# WHAT NEEDS TO BE DONE
Leave out the pictures and output exactly the lines below from the one with "You can also" down to the one with "The filter features task has", both of them included.

# Dataset entries

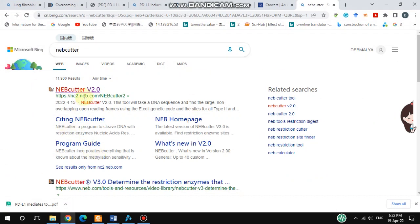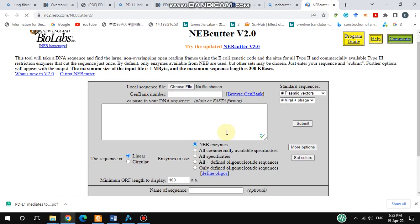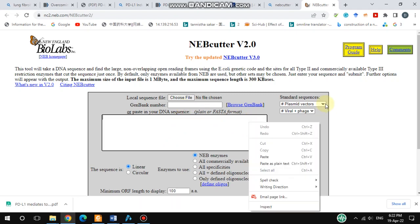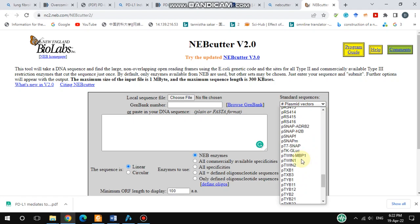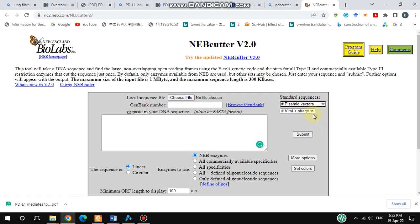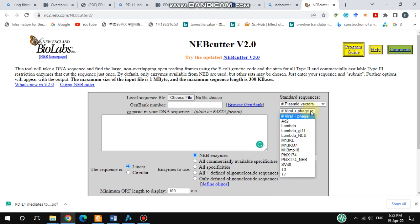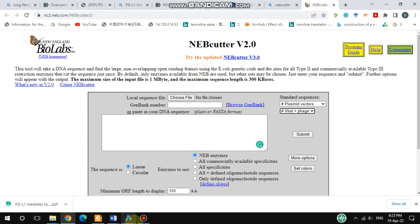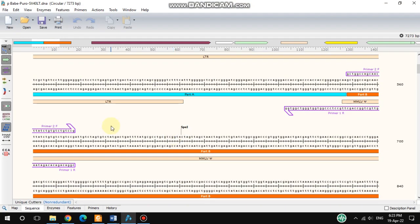To use NEBcutter, open the tool and you will see this kind of interface. Here you have to paste your desired sequence, or you can choose a file. There are also different options including different vectors and sequence types — viral and other kinds — so you can choose from here.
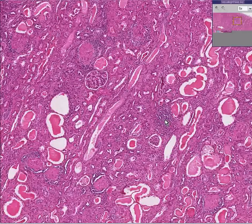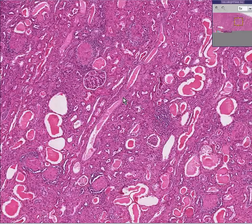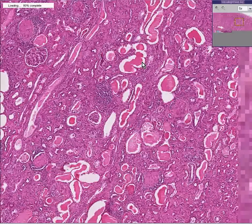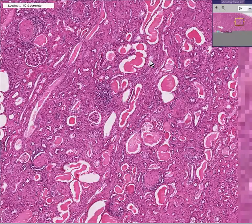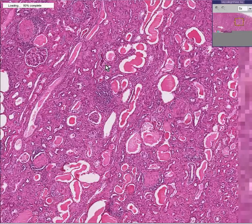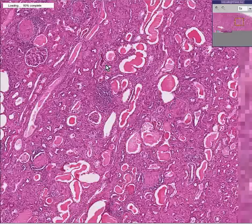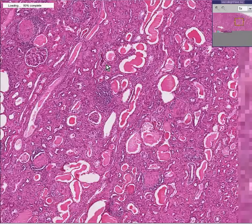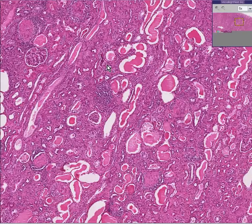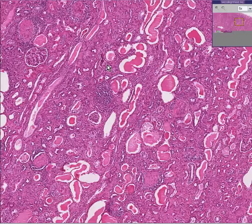Notice there are also scattered chronic inflammatory cells throughout the interstitium of the kidney, and the tubules are occasionally dilated and filled with proteinaceous material. This is a general wastebasket term for progressive glomerular destruction.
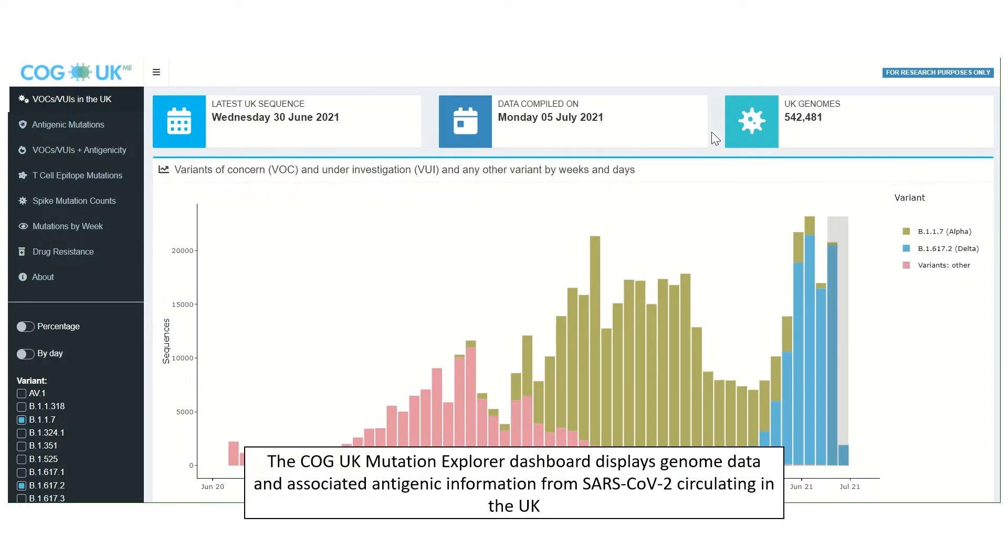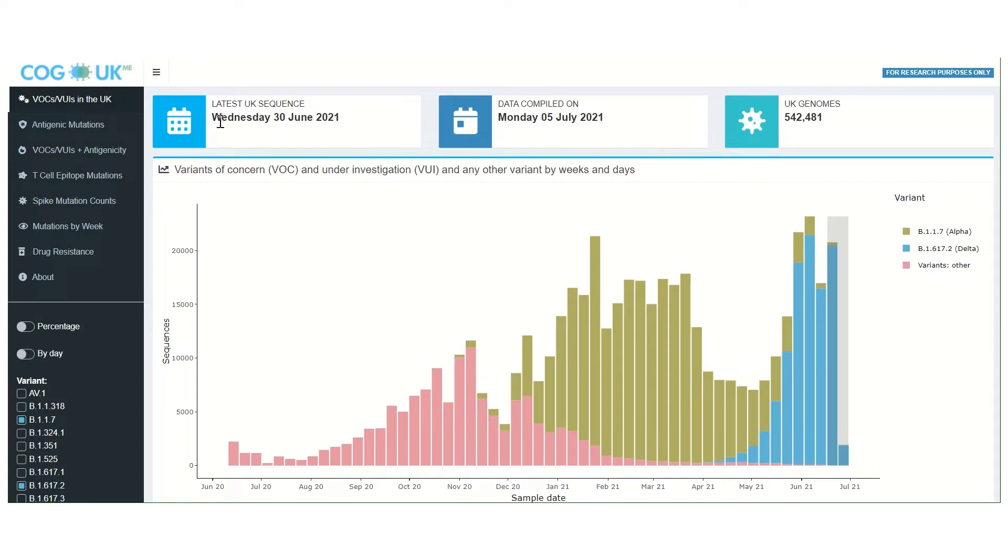The COG-UK Mutation Explorer dashboard displays genome data and associated antigenic information from SARS-CoV-2 circulating in the UK. Daily sequence data updates are summarized in the info boxes at the top of the page.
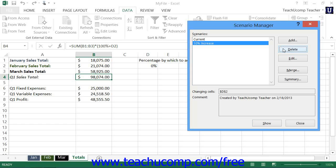You can also import other scenarios into your current worksheet. However, this is only effective if the changing cells are the same within both worksheets. To merge scenarios, open the workbook from which you want to import the scenarios. Then open the worksheet into which you wish to merge the scenarios that you just opened. Open the Scenario Manager dialog box and then click the Merge button.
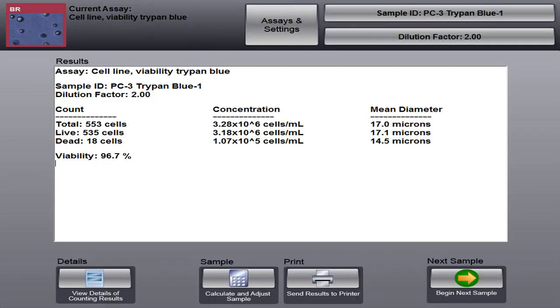And you'll see that this looks a little bit different compared to the total cell concentration assay. We have total live and dead cell count, concentration, and average diameter. And our viability is reported at about 97%. So let's go back. We can look at our details.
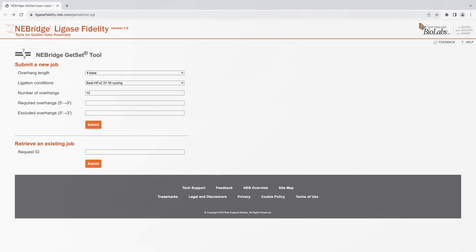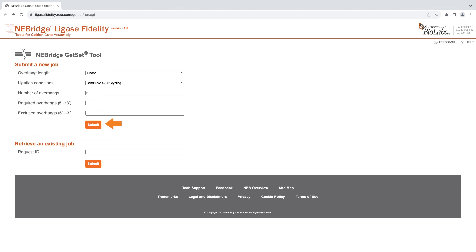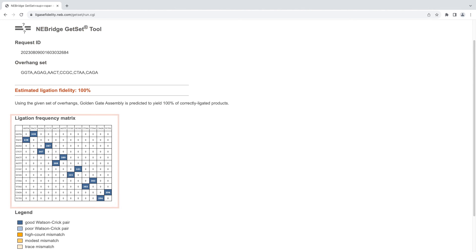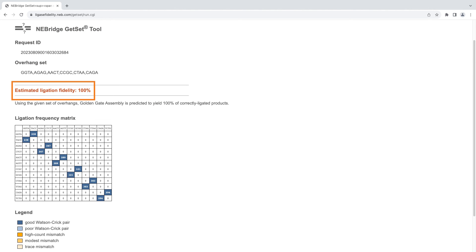For example, here we request six optimized overhangs for a six-piece assembly. Prompting Get Set with our desired Type 2S enzyme, ligation conditions, and the number of desired overhangs gives us this set of overhangs with an estimated ligation fidelity of 100%.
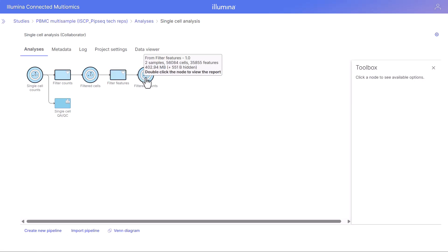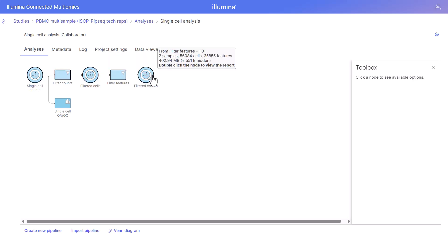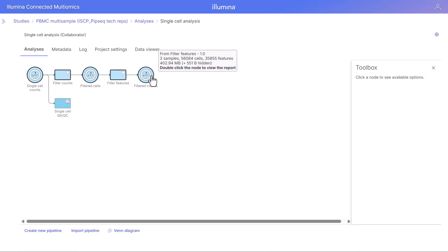The filter features task has completed. When we hover over this node we can see the number of cells from our filtered cells task as well as the number of features from the filter features task. Both of these steps are optional. There's no gold standard for what makes a gene informative or not, and the ideal filtering criteria really depends on your experimental design and research question.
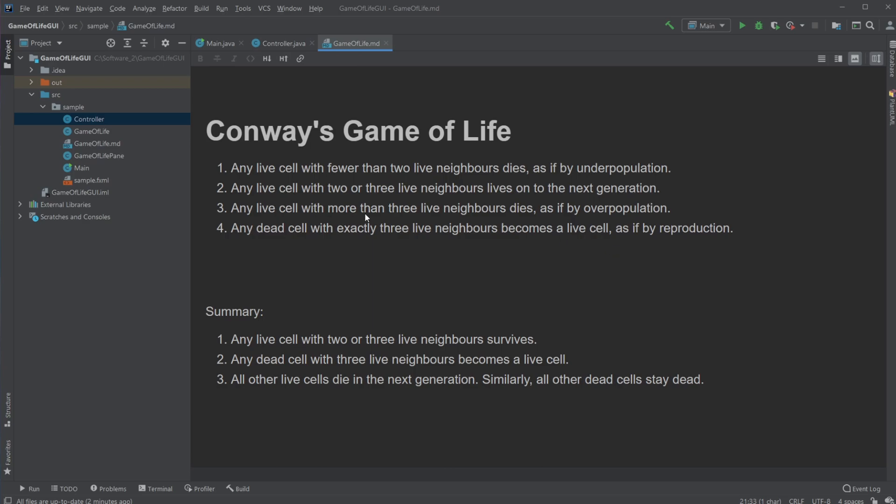So we have this loop going through where, depending on the cells around it, something happens. So more or less, any live cell with two or three live neighbors survive. Any dead cell with three live neighbors become a live cell. All other live cells die in the next generation. Similarly, all other dead cells stay dead. So that's more or less the loop.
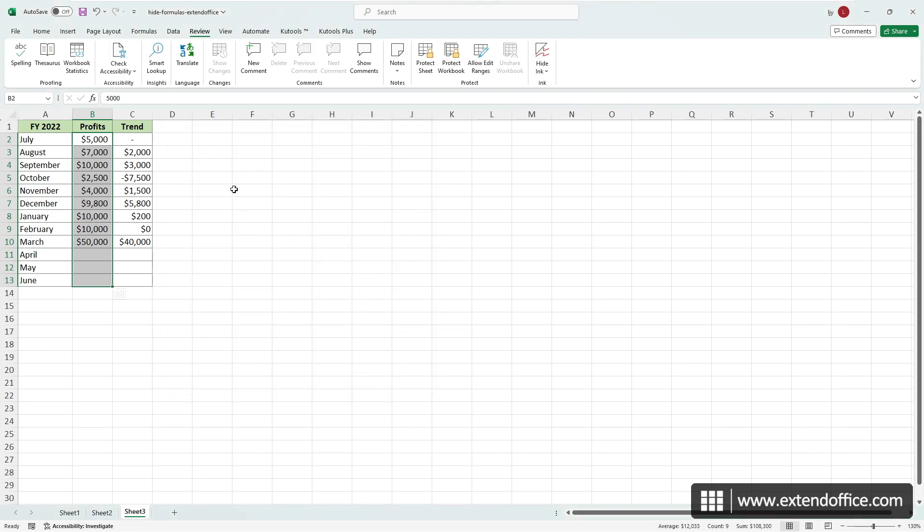That's it. If you need assistance in identifying unlocked or hidden cells, refer to the next section.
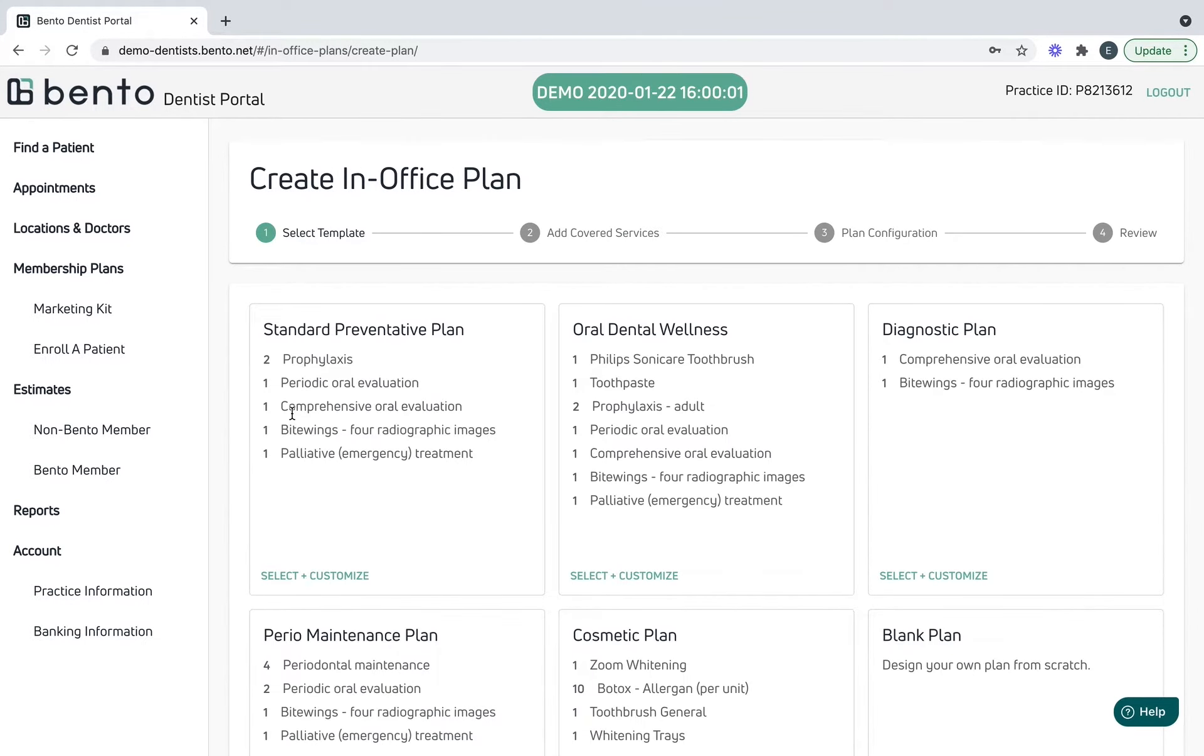All right, here's the plan breakdown. You can see the annual cost for the subscription, when the plan starts, the subscription style—is it monthly or yearly—all the services that are covered, the discount that we will be giving to services outside of the plan. Remember, this is just for patients who purchase the plan, and Bento's fee. ADA members do get a twenty percent discount off.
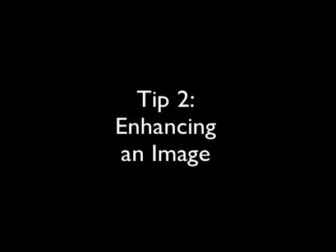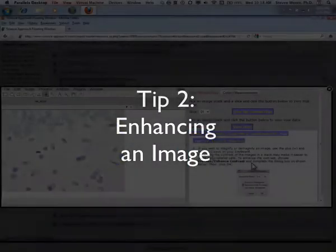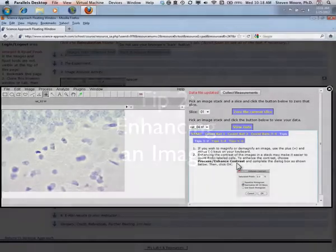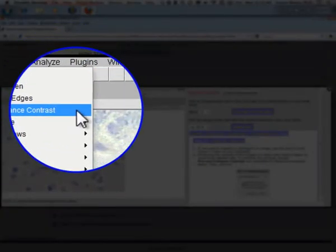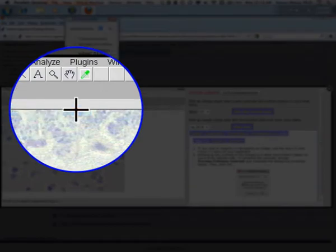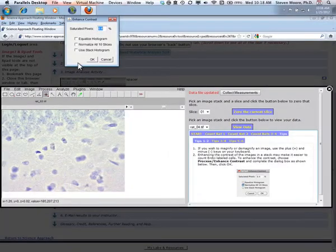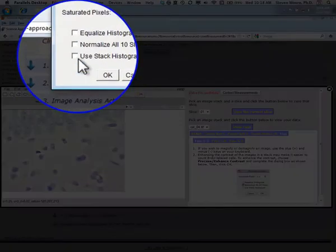To enhance the contrast of an image to make it easier to count cells, choose Process Enhance Contrast and then complete the dialog box as shown in the instructions.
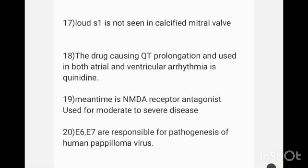The image of the life cycle of human papilloma virus is given and asked for the pathogenesis. The proteins involved are E6 and E7.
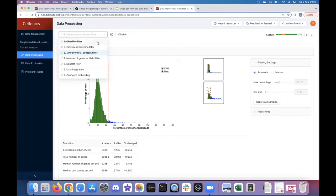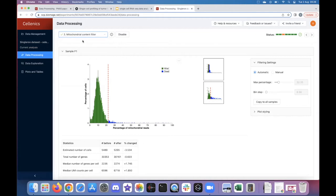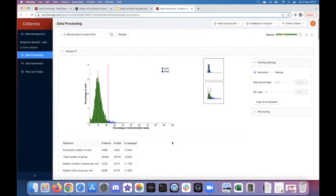The first two filters are already disabled in this case because I uploaded the Single Runs count matrices output from CellScope, which Anna just discussed. Selenix recognized that the empty wells had already been removed and disabled those filters accordingly. For datasets not pre-filtered — whether Single Runs or other technologies like 10x — those filters would be enabled. For today's demo I'll start on filter three: the mitochondrial content filter, where dead and dying cells can be removed. Samples are listed vertically and you can easily scroll through them, with a statistical table underneath each plot showing how many cells are being removed.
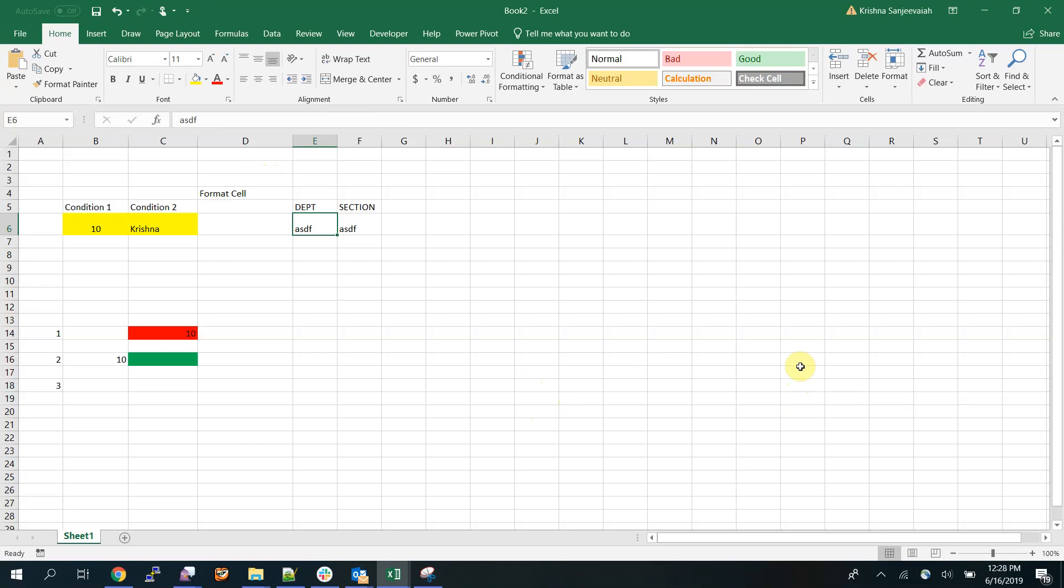So friends, that's how you apply conditional formatting based on multiple cells. Thanks for watching. If you like it please subscribe. If you have any questions please leave a comment below. This is the simplest form of multiple conditions. You can club it together with other more complex conditions. Thanks for watching.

# ANSWER BOX
You can also import other scenarios into your current worksheet. However, this is only effective if the changing cells are the same within both worksheets. To merge scenarios, open the workbook from which you want to import the scenarios. Then open the worksheet into which you wish to merge the scenarios that you just opened. Open the Scenario Manager dialog box and then click the Merge button.
And you'll see that this looks a little bit different compared to the total cell concentration assay. We have total live and dead cell count, concentration, and average diameter. And our viability is reported at about 97%. So let's go back. We can look at our details.
For example, here we request six optimized overhangs for a six-piece assembly. Prompting Get Set with our desired Type 2S enzyme, ligation conditions, and the number of desired overhangs gives us this set of overhangs with an estimated ligation fidelity of 100%.
The filter features task has completed. When we hover over this node we can see the number of cells from our filtered cells task as well as the number of features from the filter features task. Both of these steps are optional. There's no gold standard for what makes a gene informative or not, and the ideal filtering criteria really depends on your experimental design and research question.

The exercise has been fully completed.